É que a magistratura trabalhista enxergue que o Poder Judiciário não é um programa social governamental de distribuição de renda, onde o Poder Público acaba sendo lesado por causa da visão jurisdicional de que os entes públicos devem ser os seguradores universais dos trabalhadores.
Diante do exposto, podemos chegar às seguintes conclusões:
1.O Art. 70, §1º. Da Lei 8.666/93 é constitucional;
2.Como decorrência da constitucionalidade do Art. 70, §1º. Da Lei 8.666/93, os entes públicos não podem ser responsabilizados, em hipótese alguma, pelas verbas trabalhistas decorrentes da terceirização.
3.A Súmula 331, V, está contrariando a decisão do Supremo Tribunal Federal, no julgamento da ADC 16.
Notas
- TRIBUNAL SUPERIOR DO TRABALHO. Terceirização na administração pública: presidente do TST esclarece mudanças.
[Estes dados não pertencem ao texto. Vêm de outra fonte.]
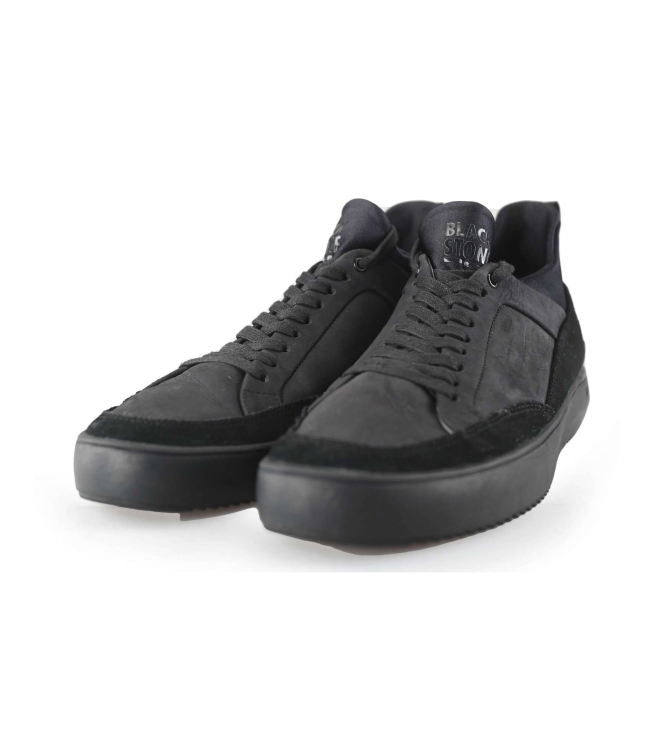 Blackstone Sneaker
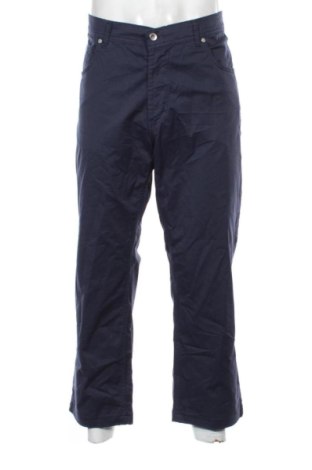 Pánske nohavice  Unbranded, Veľkosť XL, Farba Modrá, Cena  23,95 €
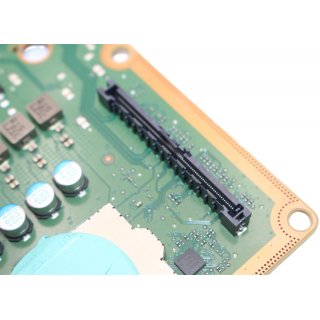 Funktionsfhiges Mainboard Motherboard 1882 Fr Microsoft Xbox Series X 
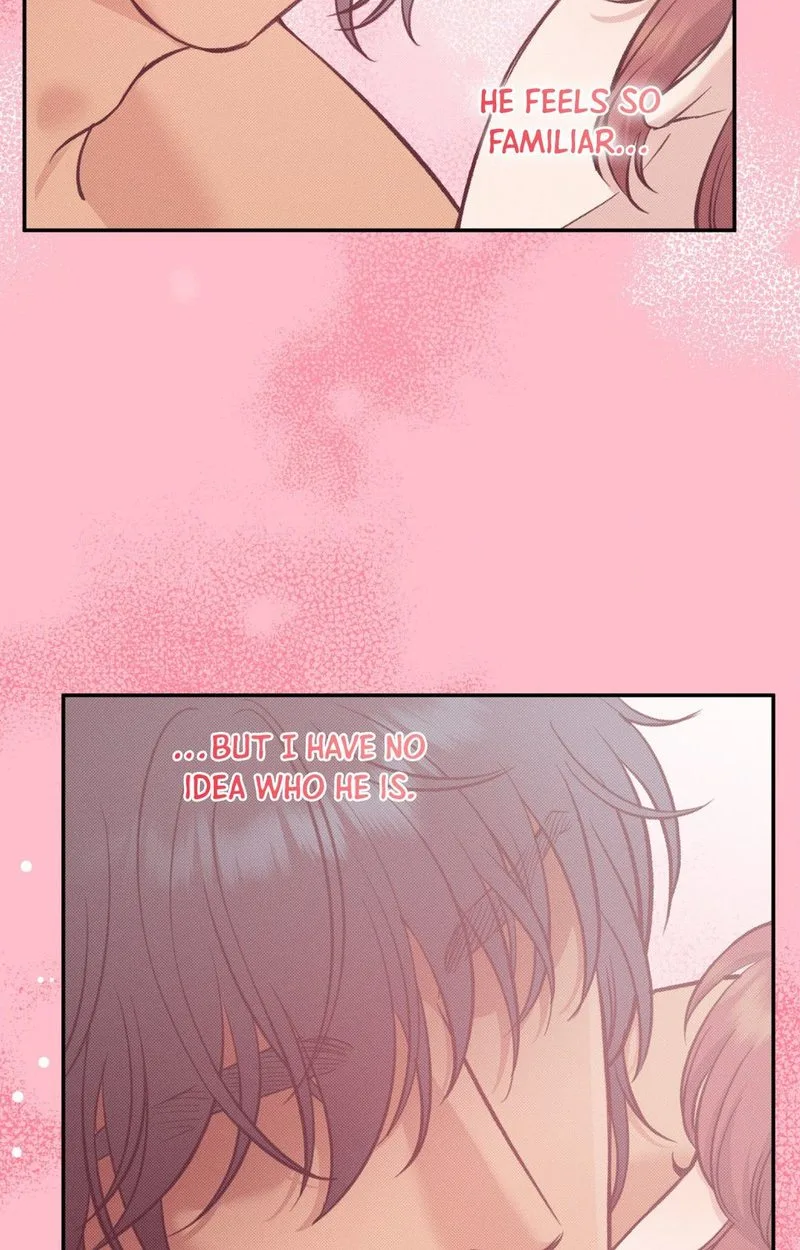Chapter 109 — Page 74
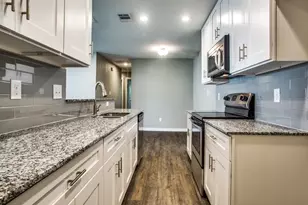 8106 Tanner Ave, Fort Worth, TX 76116 - Photo 15
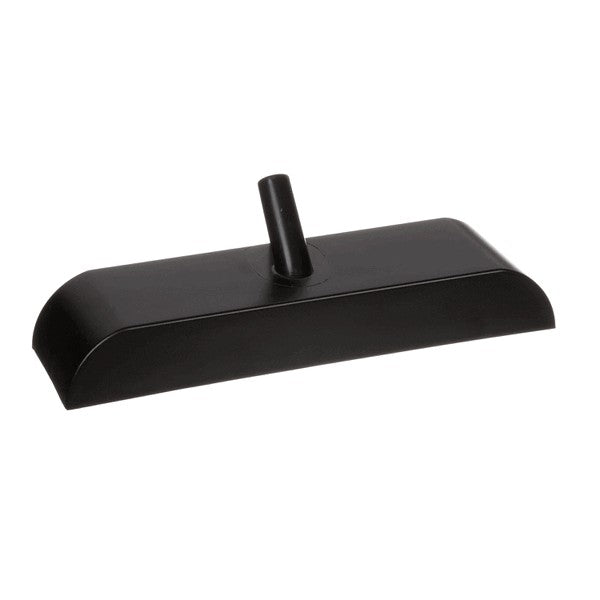 BUNN 36360.1002 NOZZLE DILUTION ASSEMBLY/W TEE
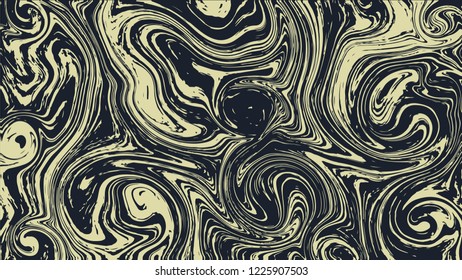 Background abstract colorful  design with modern  pattern vector art background design layout banners presentations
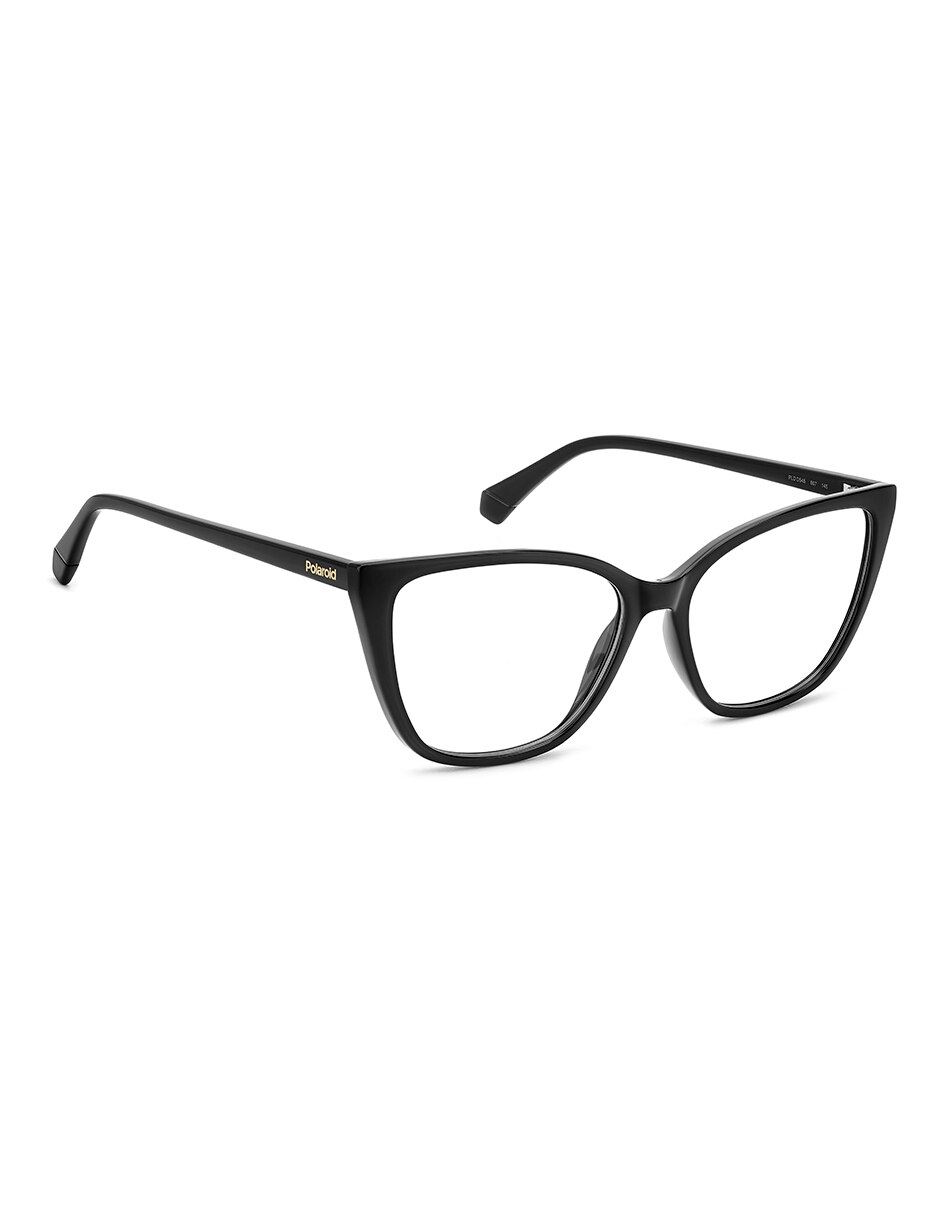 Armazón In Vogue Pld D545 3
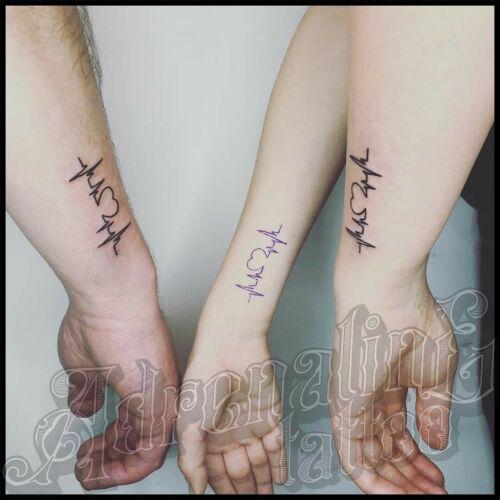 INKcepcja inksearch tattoo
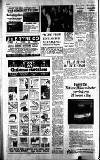 Central Somerset Gazette Friday 12 December 1969 Page 7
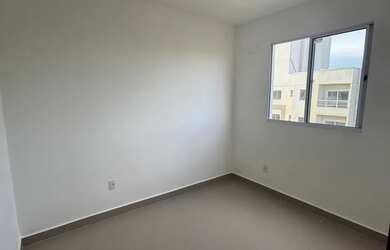 Imagem 9: Black Friday do seu novo lar de R$ 450 mil por R$ 420 mil. Economize R$...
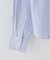 CARHARTT WIP / カーハート ダブリューアイピー W' L/S Kanan Shirt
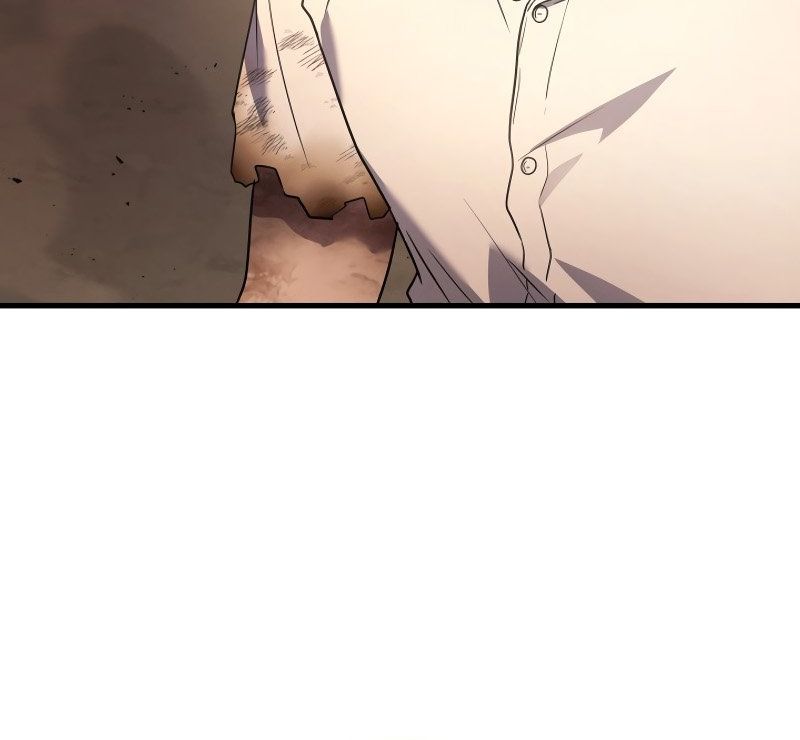 Võ Thần Hồi Quy Cấp 2 - Chapter 79 - Page 37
Disponível em: http://ext02.tst.gov.br/pls/no01/NO_NOTICIASNOVO.Exibe_Noticia_Raiz?p_cod_area_noticia=ASCS&p_cod_noticia=12334. Acesso em 24 de maio de 2011.
- DIDIER JR, Fredie. BRAGA, Paula Sarno. OLIVEIRA, Rafael. Curso de Direito Processual Civil: Teoria da Prova, Direito Probatório, Teoria do Precedente, Decisão Judicial e Antecipação da Tutela. V2. 6 ed. 2011. p. 292-293
- DIDIER JR, Fredie. BRAGA, Paula Sarno. OLIVEIRA, Rafael. Curso de Direito Processual Civil: Teoria da Prova, Direito Probatório, Teoria do Precedente, Decisão Judicial e Antecipação da Tutela. V2. 6 ed. 2011. p. 304.